Rip the band-aid off. Dive in head-first. No regrets. (Base)balls to the walls. Pick whichever phrase you want, but Alex Rodriguez and David Ortiz should both be elected into the Hall of Fame in their first round, along with Barry Bonds, Roger Clemens, Sammy Sosa, and, ultimately, Mark McGwire.
Let me clarify, I am not predicting what will happen come to Hall of Fame election time. I am, however, going to justify what I think should happen. Here is what it comes down to: it is not about being fair, it is about being the least unfair.
We have to establish the advantages of steroids for what they are. Steroids allow for faster muscle repair, therefore quick muscle growth. They do not, however, magically make the user good at baseball overnight. In order for steroids to enhance skill (by way of quick muscle growth), there must already be skill present. This is an important ground rule to set because it is vital to acknowledge Rodriguez, Bonds, Clemens, Ortiz, and McGwire are insanely talented even without steroid use. Bonds in particular had a hall of fame career even if you do not count his years in San Francisco. But regardless, muscle repair beyond the natural rate of which is in fact an advantage.

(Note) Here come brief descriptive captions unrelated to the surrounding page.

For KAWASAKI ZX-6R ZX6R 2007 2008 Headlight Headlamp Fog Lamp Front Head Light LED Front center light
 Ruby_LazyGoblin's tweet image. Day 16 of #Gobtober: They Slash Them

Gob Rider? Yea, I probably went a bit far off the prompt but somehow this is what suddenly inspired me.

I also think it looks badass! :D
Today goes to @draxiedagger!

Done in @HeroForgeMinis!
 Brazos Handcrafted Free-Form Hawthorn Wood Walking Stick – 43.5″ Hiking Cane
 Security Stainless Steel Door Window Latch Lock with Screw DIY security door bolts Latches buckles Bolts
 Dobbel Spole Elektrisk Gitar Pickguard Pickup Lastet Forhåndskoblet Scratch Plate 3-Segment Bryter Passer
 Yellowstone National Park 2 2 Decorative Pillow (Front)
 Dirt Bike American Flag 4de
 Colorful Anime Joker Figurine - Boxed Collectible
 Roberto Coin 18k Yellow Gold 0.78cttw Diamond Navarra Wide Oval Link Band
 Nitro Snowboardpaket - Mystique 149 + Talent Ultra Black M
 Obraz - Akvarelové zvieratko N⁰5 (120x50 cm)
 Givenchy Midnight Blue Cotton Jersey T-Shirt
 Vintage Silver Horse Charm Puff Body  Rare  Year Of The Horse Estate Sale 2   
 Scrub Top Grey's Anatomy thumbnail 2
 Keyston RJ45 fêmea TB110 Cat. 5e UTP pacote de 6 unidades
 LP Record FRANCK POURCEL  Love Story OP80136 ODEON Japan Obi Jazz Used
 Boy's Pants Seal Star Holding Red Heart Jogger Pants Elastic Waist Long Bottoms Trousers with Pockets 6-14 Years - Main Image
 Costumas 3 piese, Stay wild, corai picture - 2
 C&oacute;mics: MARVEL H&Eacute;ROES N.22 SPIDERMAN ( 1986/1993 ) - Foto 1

Is it unfair that certain players excelled under steroid use in such a way that set them above and beyond their peers? Yes, of course, it is unfair. Do you want to know what is even more unfair? Letting Bud Selig in the Hall of Fame after creating and allowing the steroid era.
Do you know what else is unfair? Baseball exploding in popularity, generating unreal amounts of money, and creating so many more jobs, and then not letting the horses who did the heavy lifting see the fruits of their own labor. This is the most insulting form of scapegoating. To me, this stab-in-the-back is even more unfair than the advantage given to players on the field.
We cannot just pretend that some of the greatest performances ever played on a Major League Baseball field never happened, especially when the commissioner in charge at the time period gets to sleep at night with his own plaque in Cooperstown.
I believe it is reasonable to assume that if any of the flagship steroid users get elected into the hall, it would be David Ortiz for the sheer reason of him being the most likable personality. A-Rod, on the contrary, is not just unlikeable but was sacrificed as the scapegoat of the entire steroid era (rather unfairly in my honest opinion). If this happens, I would wholeheartedly consider it an unfair outcome as well. Not only is it unfair, but I would consider it the worst-case scenario that will light the baseball world on fire.
The most logical conclusion: let them all in. I do not have faith that this will happen, but the only way to end the annual bloodbath debate is to just end the debate entirely.